Apple is still not making wedding rings that spy on your spouse, but it is continuing to research specific uses of "finger-wearable input assemblies."

Similar to Genki's Wave for Work, an Apple ring would. have multiple controls

Aside from when a 15-year-old joke about wedding spy rings did the rounds recently, there has been little about Apple working on smart rings that could result in an Apple Ring. Meanwhile, Oura has been adding heart rate tracking to its smart rings, and Genki has a Wave for Work ring that controls presentations.

Now a newly-revealed patent shows just how detailed Apple's thinking about smart rings has been. "Finger-wearable input assembly for controlling an electronic device," is concerned as much with literally how a user's finger might fit into one, as it is what they could use it for.

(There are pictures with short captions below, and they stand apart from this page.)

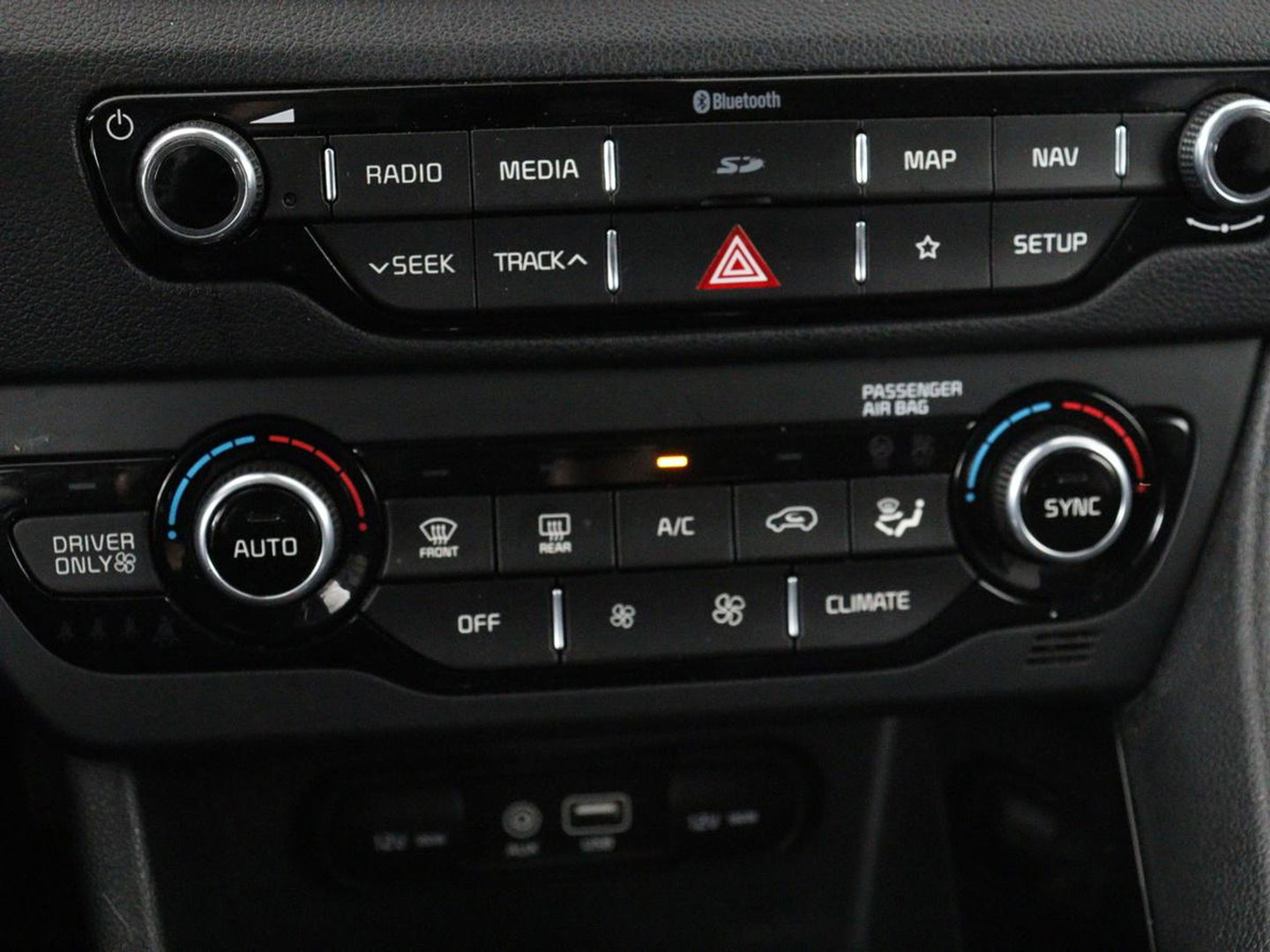Kia Niro 1.6 GDi Hybrid DynamicLine | Carplay | Camera | Half leder | Navigatie | Climate control | Cruise control | Bluetooth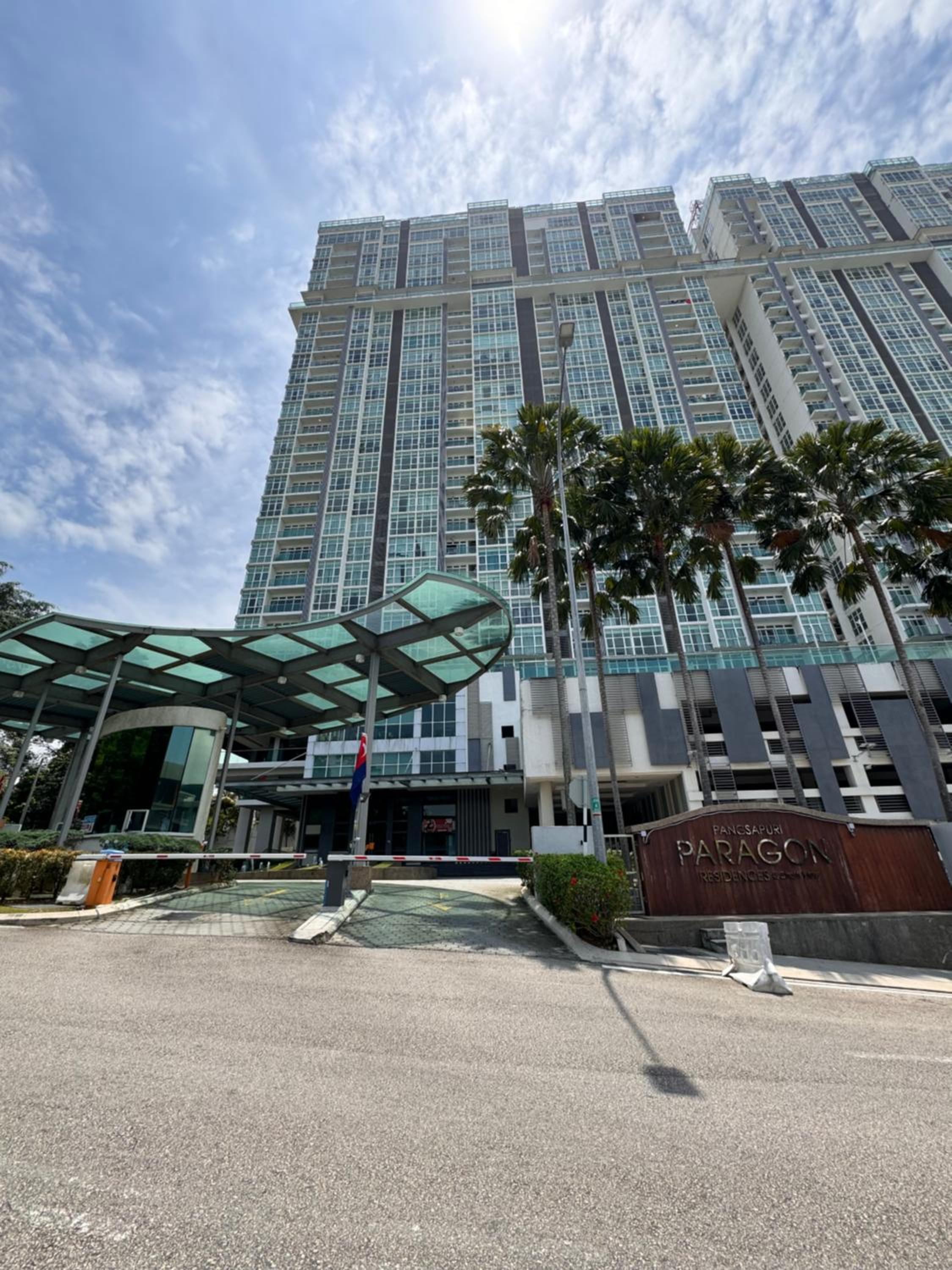 Paragon Residence 8-12pax-Big Balcony with BBQ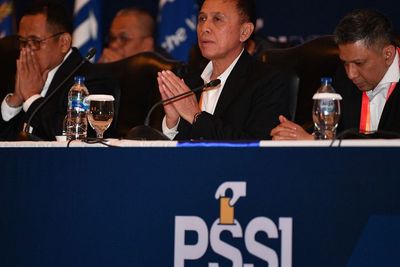Akhirnya! PSSI Segera Depak Simon McMenemy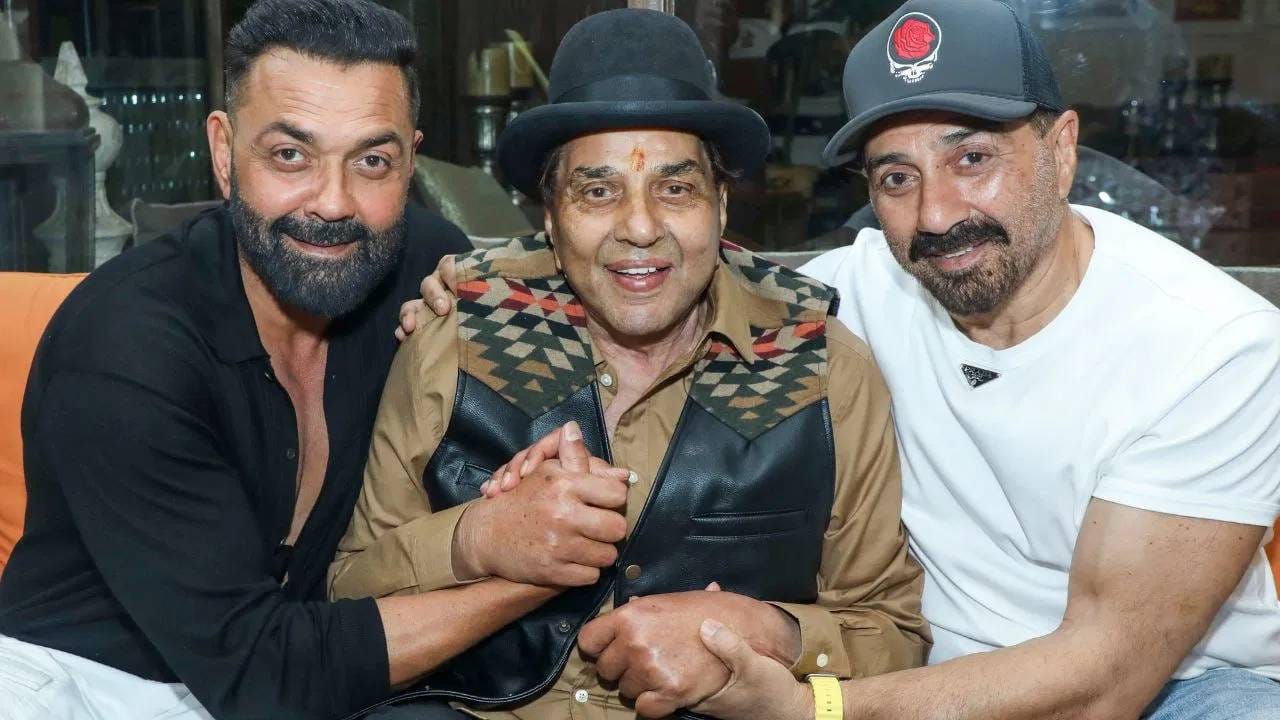 एवढंच नव्हे तर, देओल कुटुंबाचं लोणावळ्यात सुमारे 100 एकरांवर पसरलेलं मोठे फार्महाऊस देखील आहे. मुंबईपासून दूर असलेल्या या प्रॉपर्टीवर सनी देओल आपल्या कुटुंबासोबत अनेकदा जातो. कोरोनाच्या काळातही कुटुंब काही काळ या फार्महाऊसमध्ये राहिलं होतं. त्यावेळी अनेकदा सोशल मीडियावर फोटो आणि व्हिडिओही शेअर केले होते.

It also only uses the word "ring," in any context, five times. The phrase "input assembly" is included almost 250 times.

That's because once one finger is wearing the device, the patent's attention is on how it can receive input. And it's because in some configurations, the device the patent proposes is less a ring, more a fingertip unit, with a closed front end.

"When an input assembly is provided with a rear open end...," says the patent, "the input assembly may be translated along a longitudinal axis of a user's wearing finger... between a first position for active functional use by the user... and a second position for passive storage or holding."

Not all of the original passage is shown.